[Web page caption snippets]
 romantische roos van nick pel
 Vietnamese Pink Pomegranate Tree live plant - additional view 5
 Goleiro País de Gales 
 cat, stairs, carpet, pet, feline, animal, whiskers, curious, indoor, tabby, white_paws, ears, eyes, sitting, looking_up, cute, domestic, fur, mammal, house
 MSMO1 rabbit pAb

--

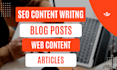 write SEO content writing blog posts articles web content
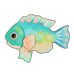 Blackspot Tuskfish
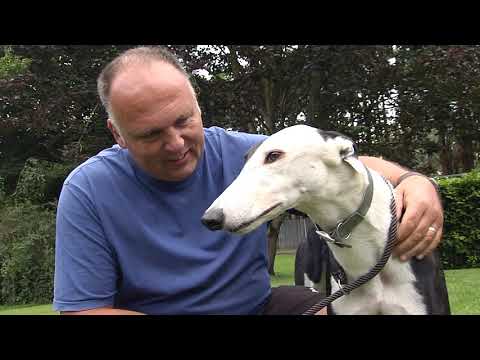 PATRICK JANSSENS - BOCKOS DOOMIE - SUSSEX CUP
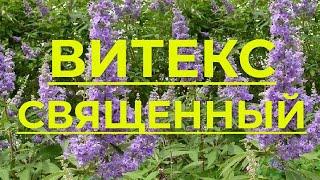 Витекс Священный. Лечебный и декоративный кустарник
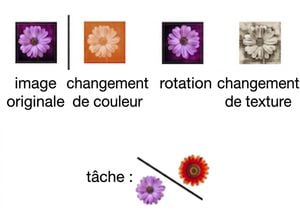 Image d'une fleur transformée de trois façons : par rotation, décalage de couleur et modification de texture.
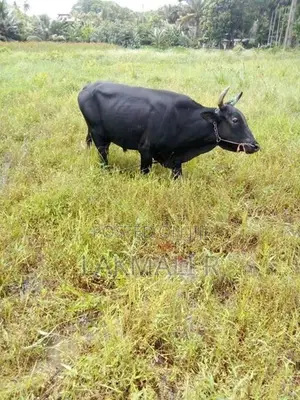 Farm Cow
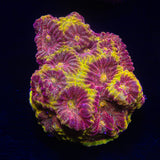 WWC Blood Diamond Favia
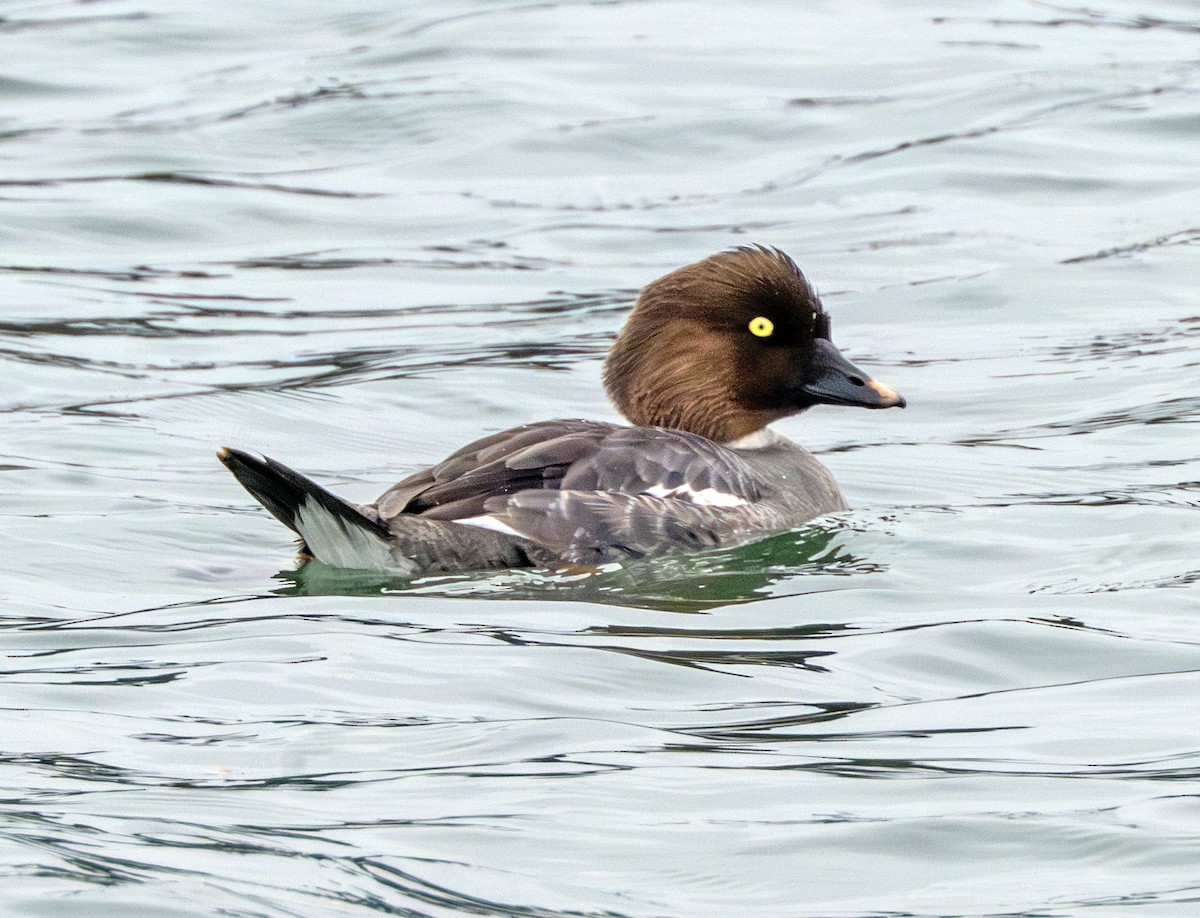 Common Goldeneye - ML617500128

→ What you need to do: Take the lines above from the one containing "romantische roos van nick pel" to the one containing "fur, mammal, house" and retype them exactly, both ends included, with nothing added.

→ Solution:
 romantische roos van nick pel
 Vietnamese Pink Pomegranate Tree live plant - additional view 5
 Goleiro País de Gales 
 cat, stairs, carpet, pet, feline, animal, whiskers, curious, indoor, tabby, white_paws, ears, eyes, sitting, looking_up, cute, domestic, fur, mammal, house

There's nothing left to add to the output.